Even though I’m watching on television, it’s not hard to spot the weak points that are being attacked. I’m always alarmed by those who do have a great idea, a coherent plan and still fail because they didn’t think about the objections that would inevitably be raised. When they shoot themselves down in flames I feel their pain. I suppose not all of it can possibly be unwitting. I expect some people do well out of the exposure even if they don’t get the investment they were after. Good luck to them!

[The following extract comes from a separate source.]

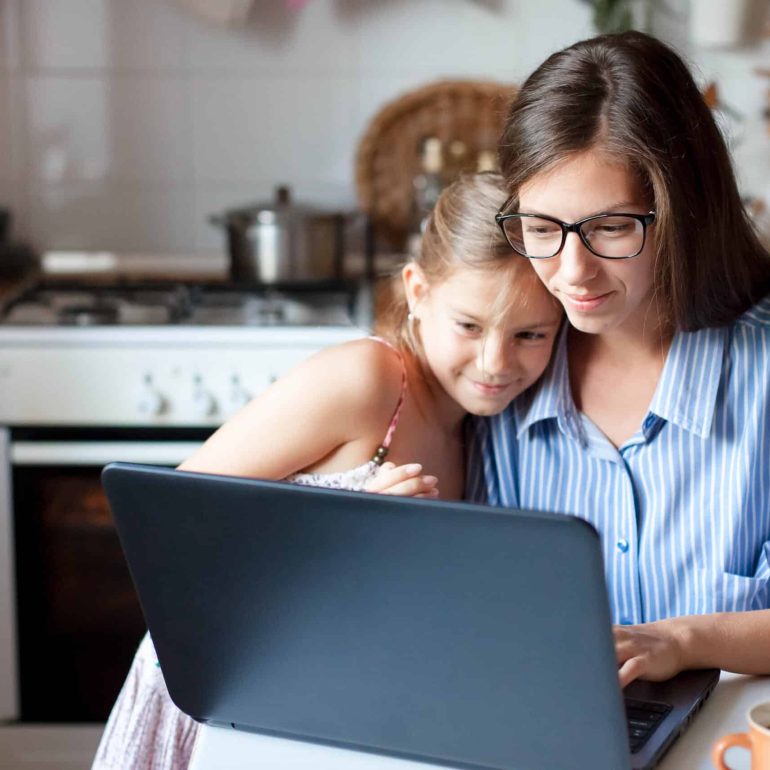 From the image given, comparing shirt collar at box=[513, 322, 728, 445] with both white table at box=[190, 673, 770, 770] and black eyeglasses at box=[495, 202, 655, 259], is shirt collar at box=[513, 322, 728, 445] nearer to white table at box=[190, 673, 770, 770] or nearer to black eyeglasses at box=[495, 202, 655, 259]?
black eyeglasses at box=[495, 202, 655, 259]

Sometimes you can smell the ill-preparation

 

Recently a couple of entrepreneurs explained they had a huge following and people were biting their arms off to extend their travel and tour company business to take in festivals in different places. I had heard of this type of business yet they seemed to have a way of making it cost efficient and therefore more profitable. The Dragons were listening. Right up until one of the Dragons mentioned that they were not happy that the risks to the business had been thought about in detail. The lady announced that “all it takes is for one hotel to go down and you are snookered”. I had heard the guys mention that they were ATOL/ABTA protected which means that their clientèle are flown home in the event of the holiday providers having financial problems.

They should also have mentioned that ATOL/ABTA (and others) provide insurance that covers them for most of the other costs that follow such issues. They didn’t. Why not? Didn’t they realise this protection was available? Had they decided that insurance was too expensive for their business? It didn’t sound right that people who had been sending clients on trips to festivals around Europe hadn’t put any protection in place for their clientèle, never mind their business. I remain puzzled because the investors lost interest. No surprise there then.

When the Dragon questioned whether they would be able to continue if a third party let them down, all they had to do was say they would insure the risk. Even if they hadn’t arranged it at the time they could have accounted for the investment in their plan. It rarely “breaks the bank” to protect oneself.

 

Wrap Up: If you have a great idea think about the threats that could interfere with your business plan. Reduce them or eliminate the impact completely where possible because Dragons are risk averse, they only  take balanced risks. They don’t assume. They gauge their possible ROI based on all the variable outcomes. You can too.

 

Top Tip: If you are looking for investment try and understand just how risk averse your investors are before you pitch to them. Their previous investments will give you clues.